* [TASK PROMPT] Among the entries that follow, locate the line with "Ferreira also shared" and the line with "For more information". Output those lines and all lines in between, exactly, minus the pictures.

* [DATA EXCERPTS]
=======

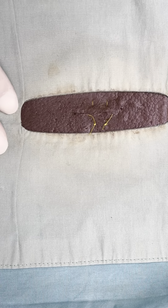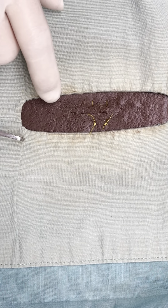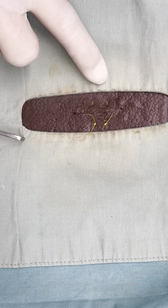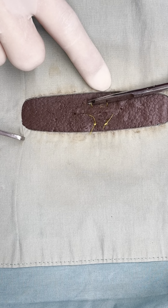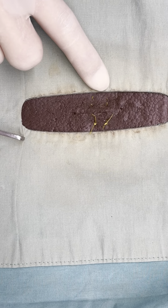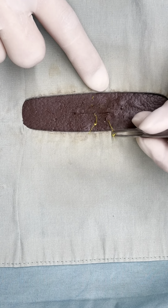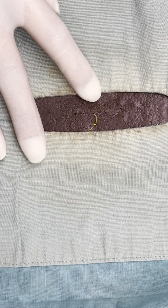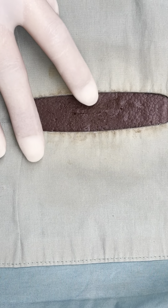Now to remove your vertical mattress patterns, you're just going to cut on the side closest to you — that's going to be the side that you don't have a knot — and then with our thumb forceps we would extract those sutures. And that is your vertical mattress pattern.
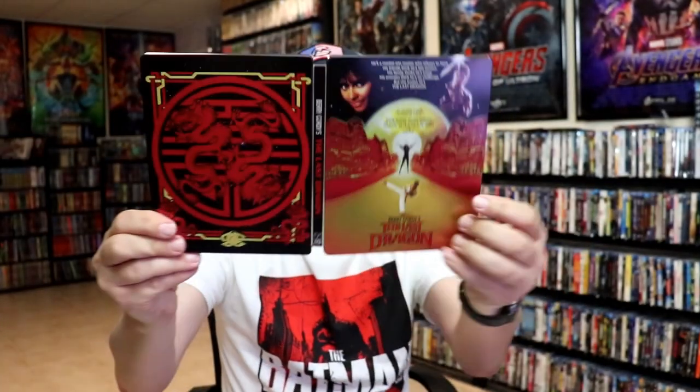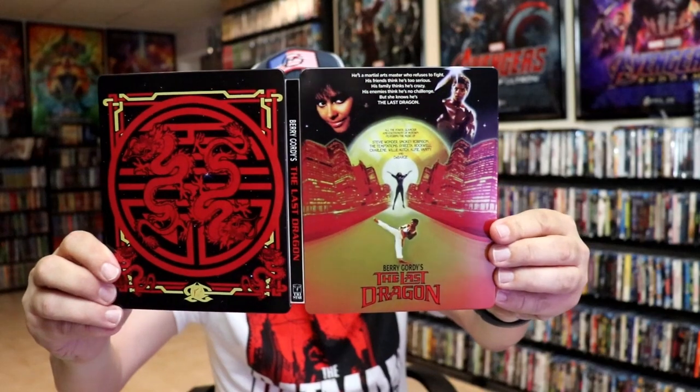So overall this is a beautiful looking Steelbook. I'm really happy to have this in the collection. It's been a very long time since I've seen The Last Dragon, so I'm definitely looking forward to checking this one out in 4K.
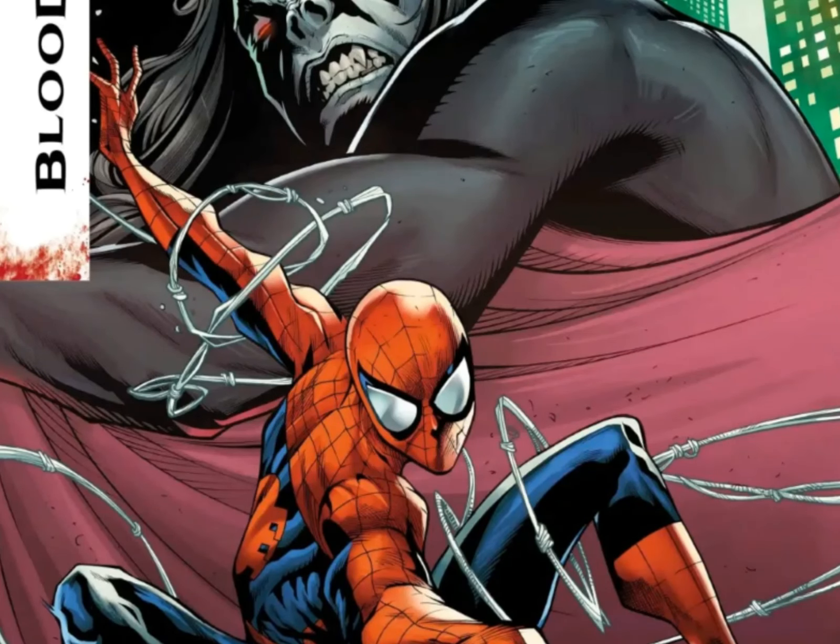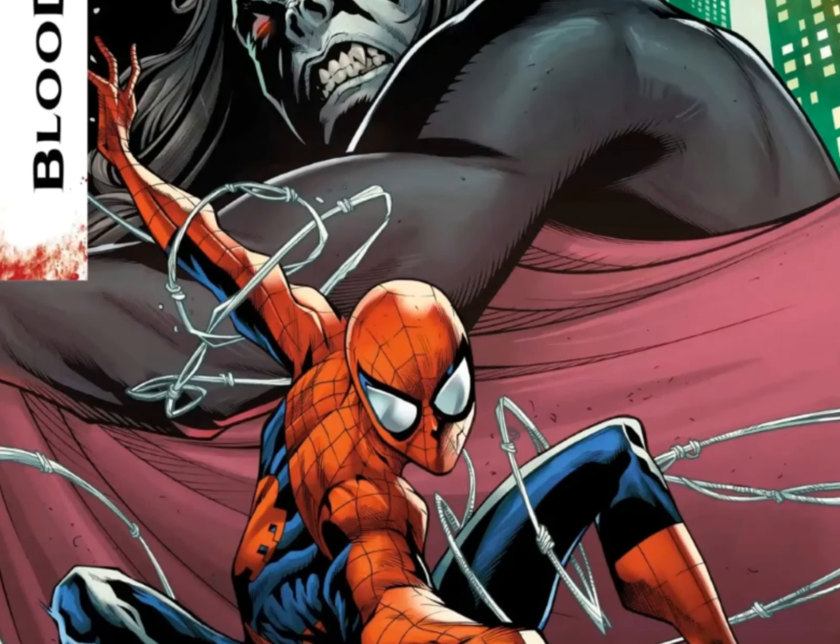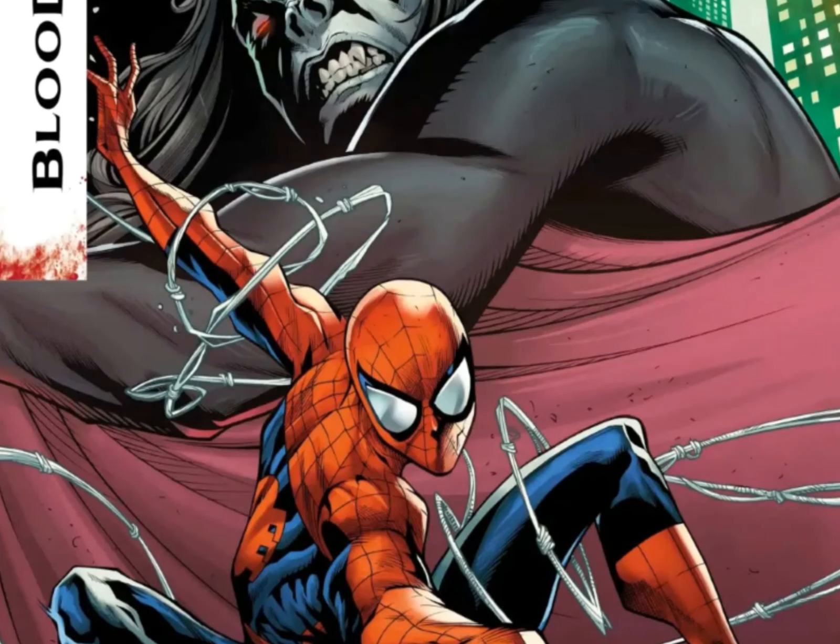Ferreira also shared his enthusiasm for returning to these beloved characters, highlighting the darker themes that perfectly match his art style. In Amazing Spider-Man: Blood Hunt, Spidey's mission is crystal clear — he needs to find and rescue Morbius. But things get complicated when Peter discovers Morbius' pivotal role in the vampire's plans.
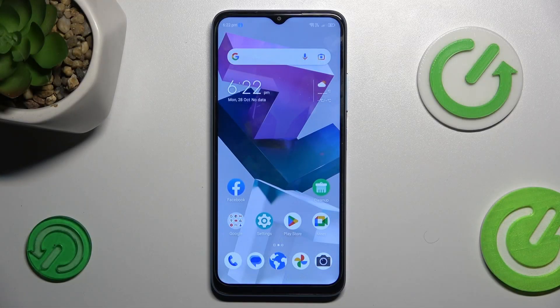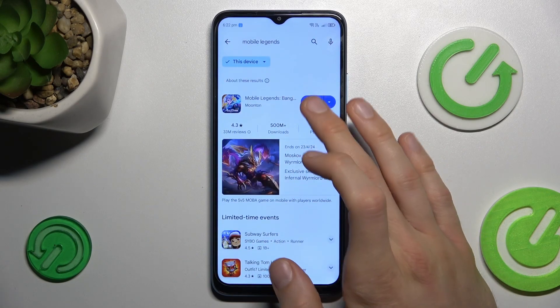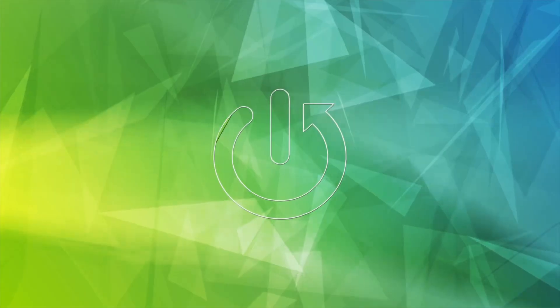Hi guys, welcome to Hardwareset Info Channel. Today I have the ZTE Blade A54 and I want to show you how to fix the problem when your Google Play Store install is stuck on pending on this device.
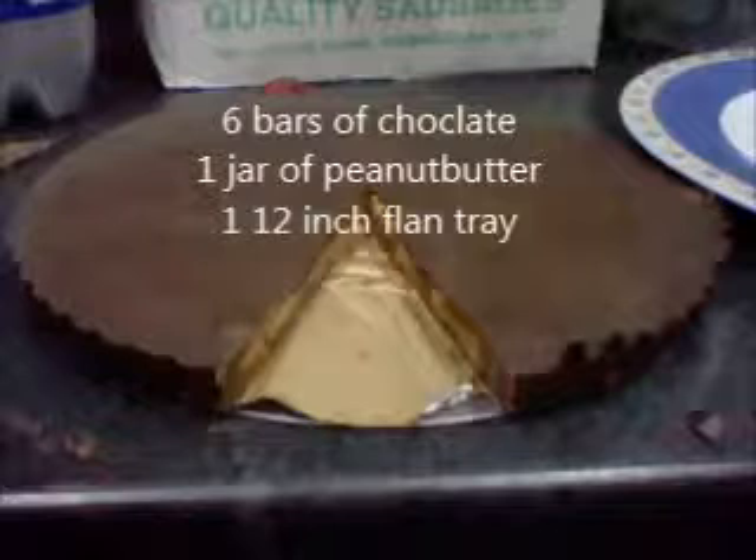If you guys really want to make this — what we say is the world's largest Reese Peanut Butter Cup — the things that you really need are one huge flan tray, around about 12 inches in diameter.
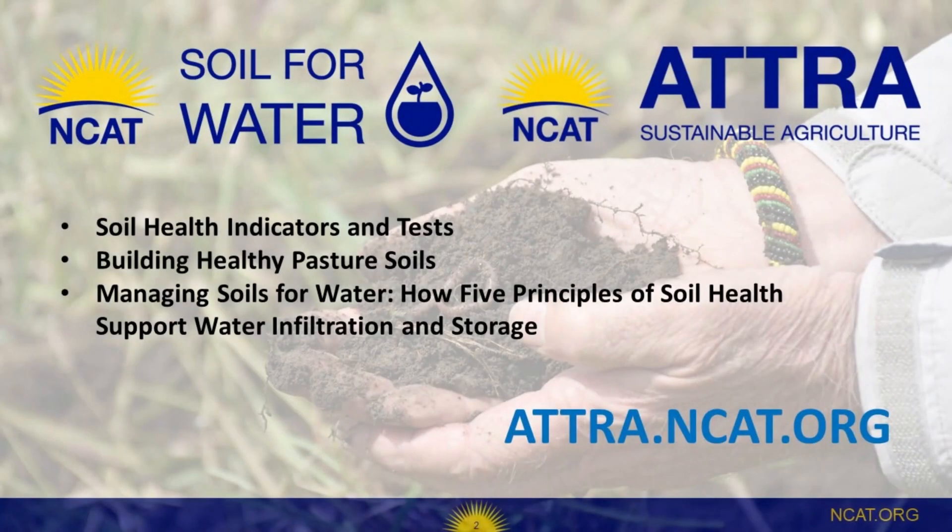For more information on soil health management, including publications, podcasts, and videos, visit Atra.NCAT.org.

=======

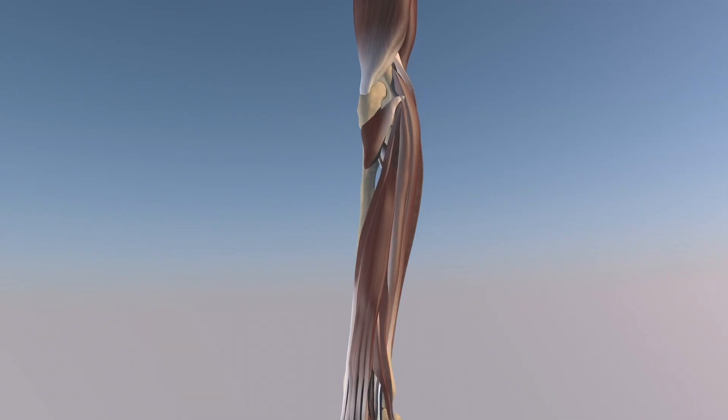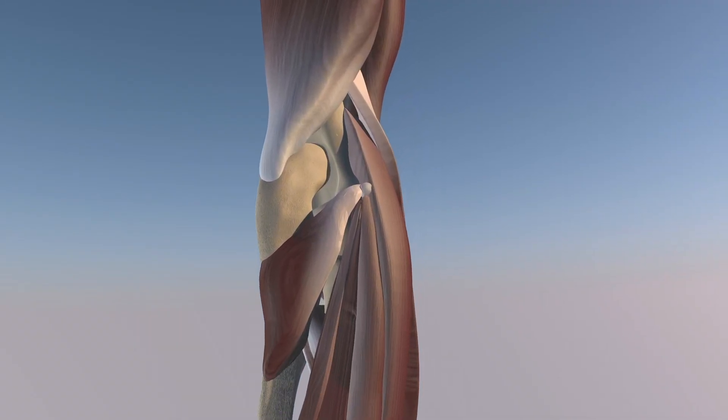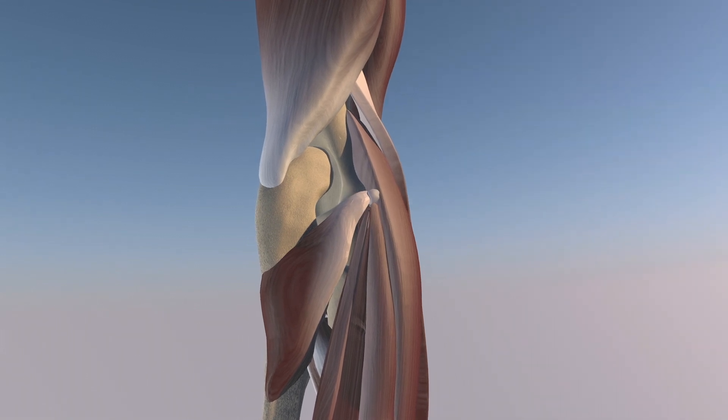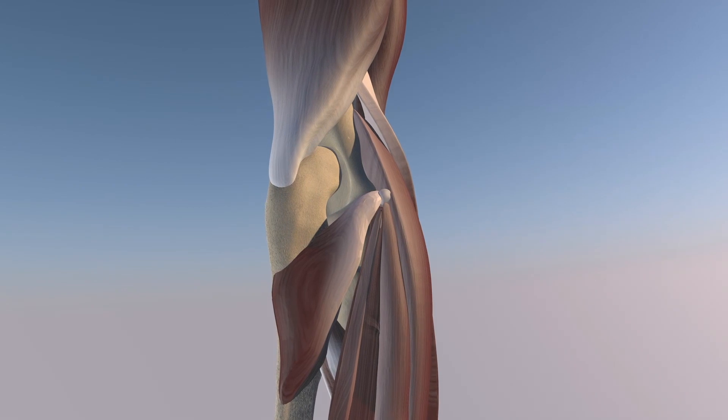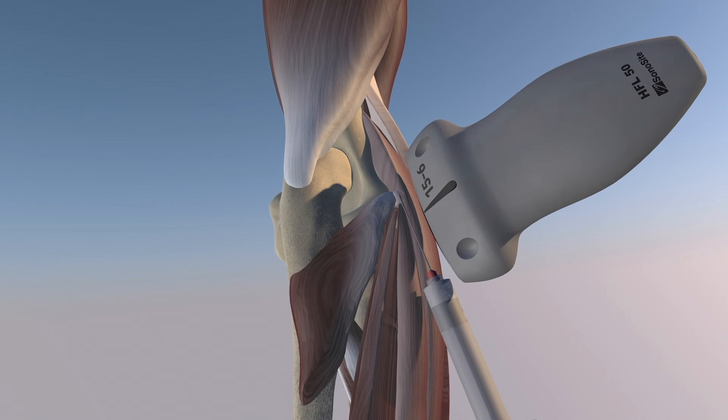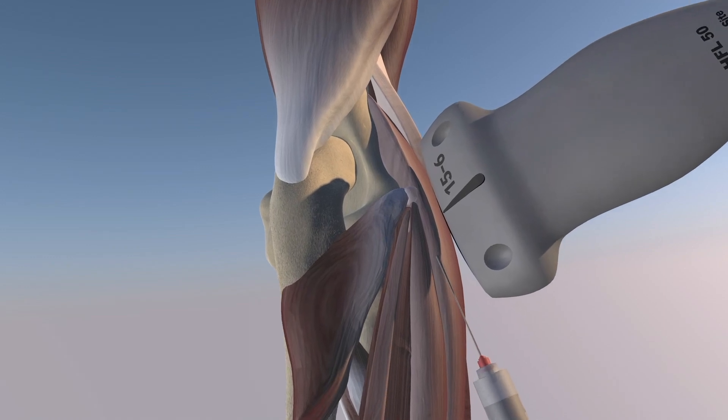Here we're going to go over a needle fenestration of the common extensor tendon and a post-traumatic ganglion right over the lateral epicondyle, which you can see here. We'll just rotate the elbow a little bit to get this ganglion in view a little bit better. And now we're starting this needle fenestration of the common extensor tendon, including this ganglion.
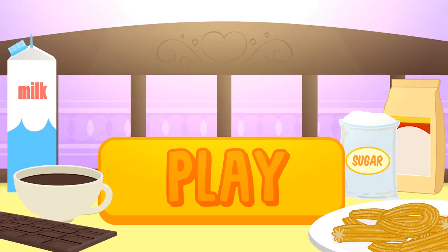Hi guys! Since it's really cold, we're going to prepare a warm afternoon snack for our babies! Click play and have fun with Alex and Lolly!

=======

* [EXERCISE SOLUTION]
Ferreira also shared his enthusiasm for returning to these beloved characters, highlighting the darker themes that perfectly match his art style. In Amazing Spider-Man: Blood Hunt, Spidey's mission is crystal clear — he needs to find and rescue Morbius. But things get complicated when Peter discovers Morbius' pivotal role in the vampire's plans.
Hi guys, welcome to Hardwareset Info Channel. Today I have the ZTE Blade A54 and I want to show you how to fix the problem when your Google Play Store install is stuck on pending on this device.
If you guys really want to make this — what we say is the world's largest Reese Peanut Butter Cup — the things that you really need are one huge flan tray, around about 12 inches in diameter.
For more information on soil health management, including publications, podcasts, and videos, visit Atra.NCAT.org.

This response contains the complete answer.